I’ve been doing this for the past two decades, and I’ve been to all kinds of conflicts and all kinds of crises. And, for me, this is unprecedented because of, one, the magnitude, the scale, the entire population of a particular place; second, the severity; and, third, the speed at which this is happening, at which this has unfolded, is unprecedented. In my life, I’ve never seen anything like this in terms of severity, in terms of scale, and then in terms of speed.

There have been reports that in some places in Gaza food has become really expensive. Can you talk about what we’re seeing in Gaza specifically?

Access comes in two types: one is physical access to food, and the other is economic access to food—food has to come, and supply chains need to work. And then, if the food is there, is it affordable? It’s always first and foremost about whether a population or community is able to access food. The same story is applicable in Gaza. What is happening in Gaza is that it’s reliant on imports of food and other essential commodities, right? That was the case before the war, and it is the case now.

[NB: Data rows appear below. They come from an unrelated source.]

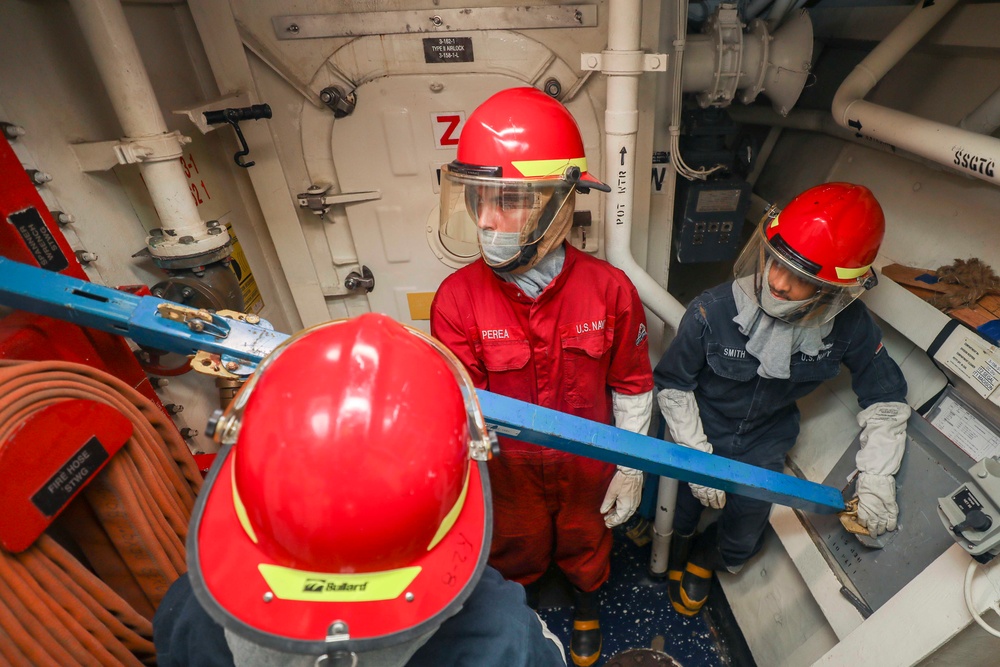 Sailors onboard USS Shoup participate in flooding drill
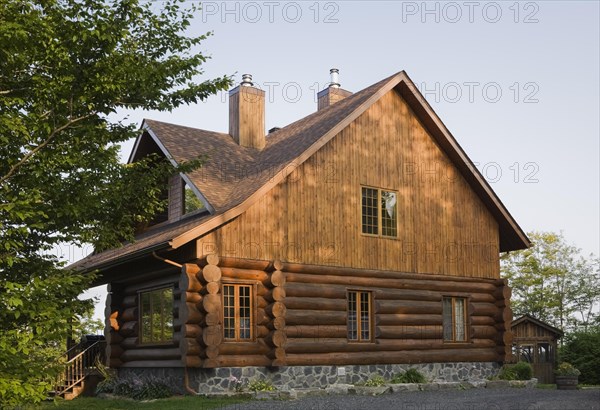 Facade and side view of rustic contemporary Scandinavian hybrid style log cabin home with light brown stained vertical wood plank siding, two tone asphalt shingles roof and chrome top chimneys in summer, Quebec, Canada, North America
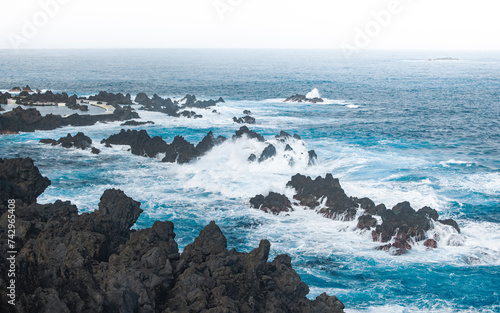 Aerial drone view of waves crashing on coastal rocks near natural pools of Porto Moniz, North-west of Madeira island, Portugal photo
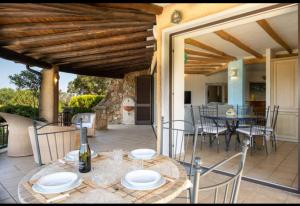 a patio with a table and chairs and a kitchen at Orsa sul mare a Baja Sardinia in Cala Bitta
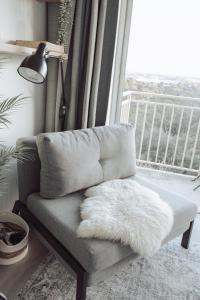 a chair with a white furry pillow sitting in front of a window at Cosy studio with a big view in Sydney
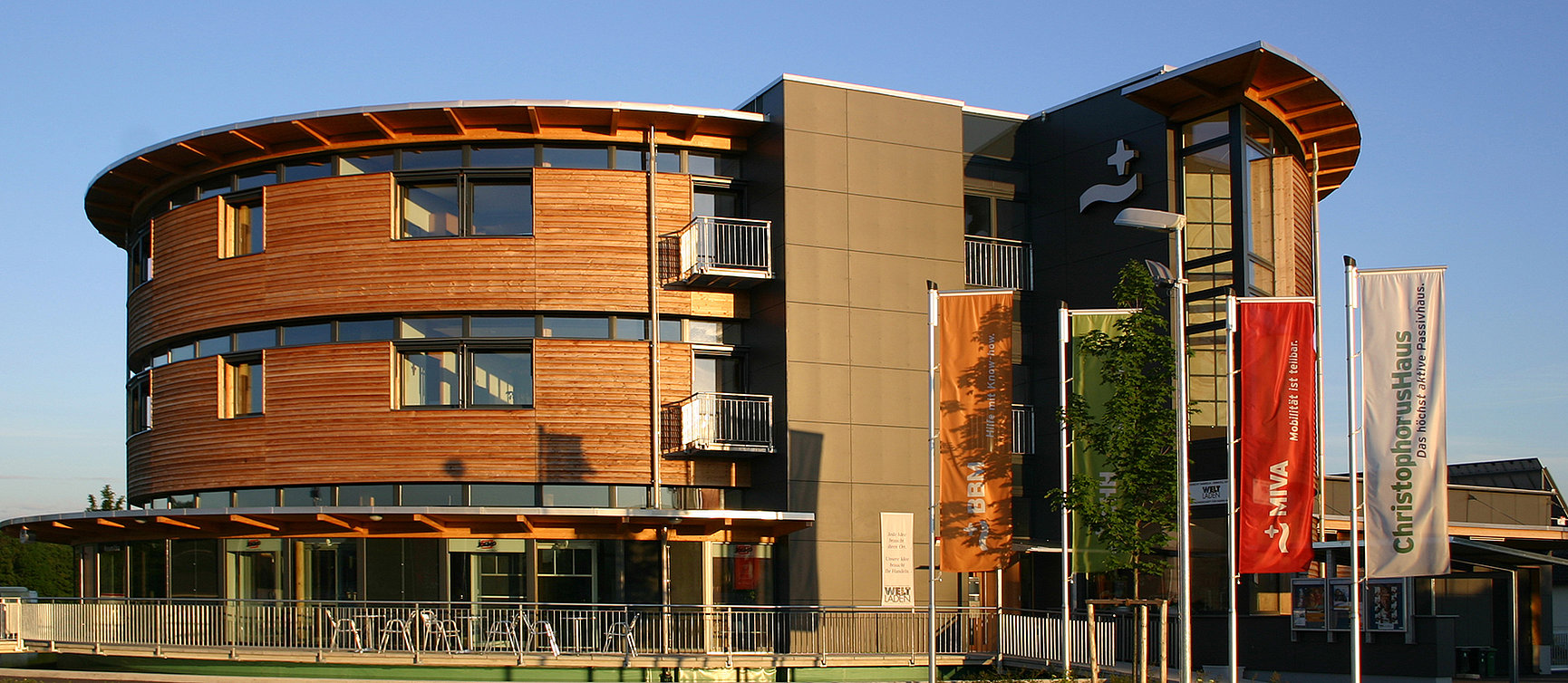 The ChristophorusHaus, a modern building, combines wood and grey panels in the façade. Large windows break through the front, while four colourful flags wave in front of it in the sunlight. 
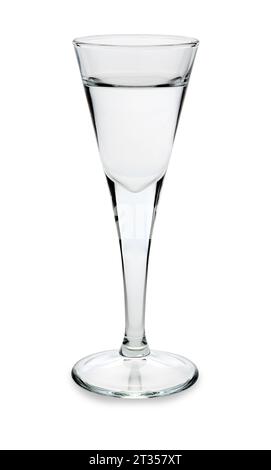 Gin or vodka or grappa in a goblet shot glass isolated on white with clipping path included Stock Photo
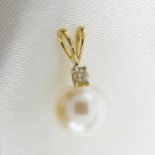 A cultured pearl and diamond pendant in 18ct yellow gold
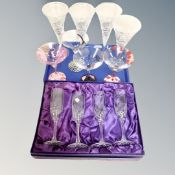 A set of four Edinburgh crystal champagne flutes, boxed,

One thing that must happen is: food needs to come in regularly through different border crossings. But, when I say food needs to come in, other essential commodities, like water, like medicine, like fuel—all of these things need to come in, and they need to come in adequate amounts. The second thing is that people need to have access to that food, whether it is through humanitarian aid or commercial channels. People need to be able to secure it. This is why, for us, what’s critically important is not only the ability to actually bring in these commodities but also the ability to actually take it to the people, wherever they are. It’s not good enough to say, “Here’s the food, and it is in the country.” If we cannot reach the people where they are to provide that assistance, it’s not going to work. And this is why people keep talking about having a humanitarian ceasefire, which would allow us not only to bring in food and other essential commodities but also to actually distribute them in a safe way. If you have food coming in but you cannot distribute it, it’s as good as food not coming in.